Окончание войны и Победу он празднует в Грейсфальде, Германии, среди поверженных и обгорелых вражеских орудий, обугленной земли, в кругу своих товарищей-победителей. Они ликуют и «клянутся новой свободе на полях прадедовых сеч!»
Такого ещё не бывало встарь —
пусть радость повсюду гремит не смолкая:
праздником мира войдёт в календарь
праздник Победы — девятое мая!
Пройдёт семьдесят пять лет с этой минуты, мы будем славить и помнить беззаветный подвиг наших дедов и прадедов, спасших вселенную от уничтожения тогда, будем помнить о долге нашем сейчас, примером которому «вручает смертным людям комиссар, как право на бессмертье партбилеты.»
Часто было не до славословий и торжественных речей:
«Без громких слов и просветленных слез,
в своих переживаньях неречисты,
платить свой первый и свой кровный взнос
уходят молодые коммунисты.
И сто веков над миром прошумит,
но в языке всесветного народа
святое слово память сохранит
о юношах сорок второго года.
Оно расскажет, как со смертной тьмой
мы совладали в светопреставленье,
как белый свет и честный род людской
спасло моё стальное поколенье.»
Военное поколение вынесло на своих плечах непосильное, и его раны и ожоги до сих пор ощущаются на теле народа, потому как в его, ветерана, «понятливые руки вложила огненную смерть..» сама история, само провидение, Россия!
Россия Наровчатова нераздельно связана с Великим Октябрём как продолжение прошлых достижений:
«Россия!

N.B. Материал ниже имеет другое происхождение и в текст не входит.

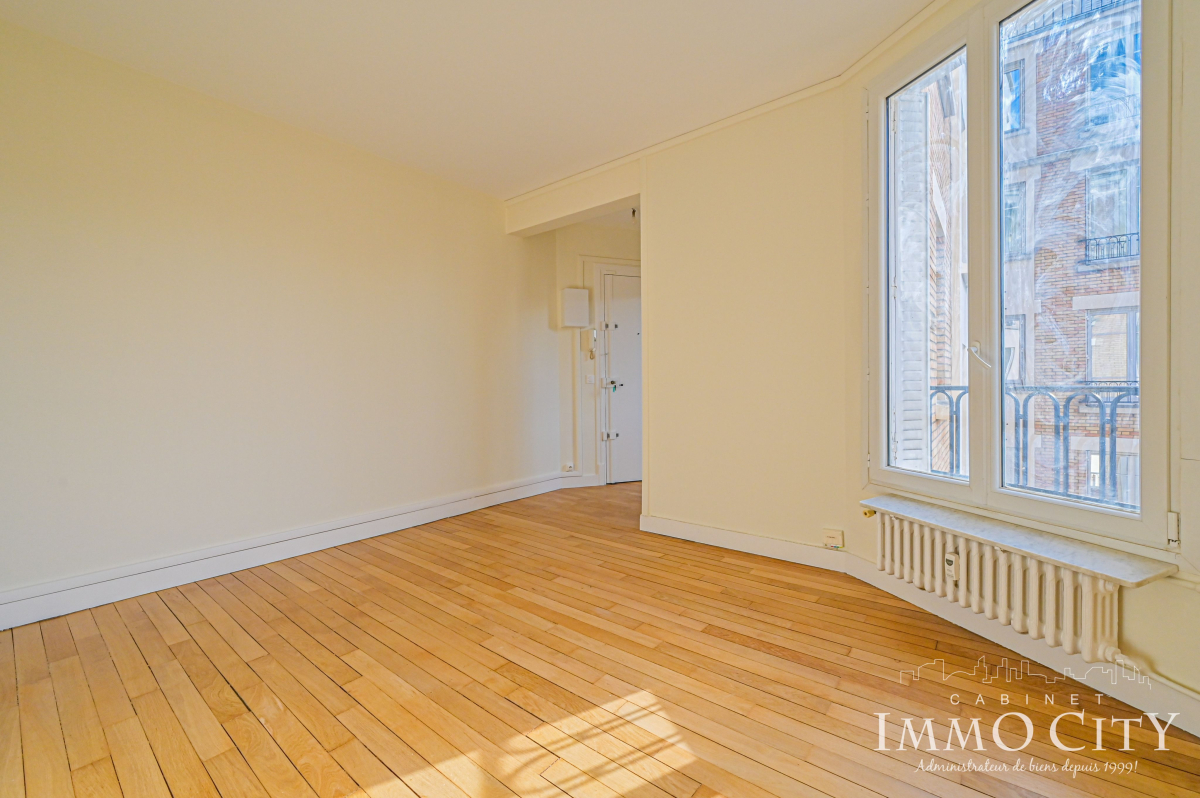 Location Appartement  2 pièces - 41.78m² 75006 Paris
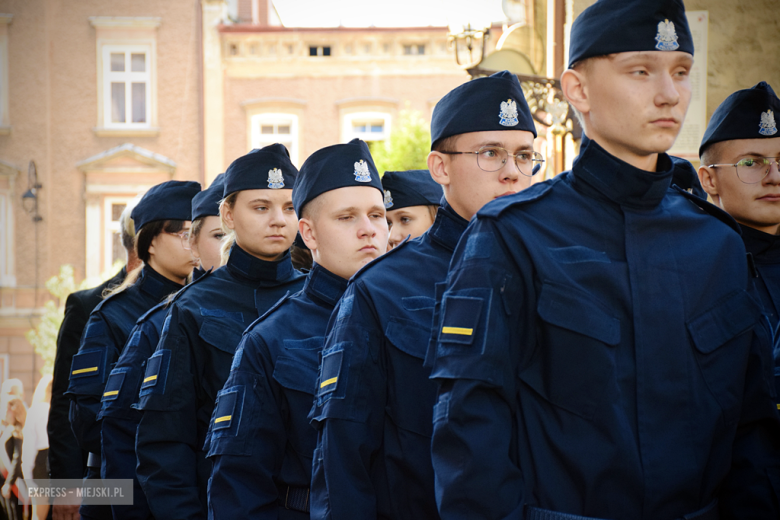 „Ludzkość musi położyć kres wojnie [...]”  Powiatowa Uroczystość Kombatancka w Ziębicach [foto]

Зачарован этим словом,
Я в сердце сохранял его своём.
В нём посвист стрел над полем Куликовым,
В нём стук мечей на озере Чудском…
…Я помню всё! И я горжусь по праву,
Горжусь тобой, моя родная Русь…
Но отчего ж твою былую славу
Безмерная пронизывает грусть?!
Да оттого, что мой народ могучий
В тенетах бед, в тисках невзгод и зол
Томился, ждал и рвался к доле лучшей
Из века в век, как скованный орёл.
И как орёл стремит полёт в просторы,
Так и народ мой вышел к Октябрю,
Когда безвестный канонир «Авроры»
Для всей планеты возвестил зарю.
Прошли года. И ты, моя Россия,
В такой сейчас поднялась красоте,
Что рад я повторить слова простые:
«И ты не та, и мы уже не те!»
Высокий свет грядущих поколений
Пройдя и побеждая смерть и тлен,
Своих врагов поставив на колени,
Не ты ль полмира подняла с колен!»
Эти строки дороги вступающему в новую эру человеку, отцу ли, матери своих детей, дороги наличием идеала, за который отдавали жизни, немеркнущее слово и дело Красной империи. Идеал не может выцвесть, поблекнуть, умереть.
Он будет лихорадить оттенками красного и оживать в веках!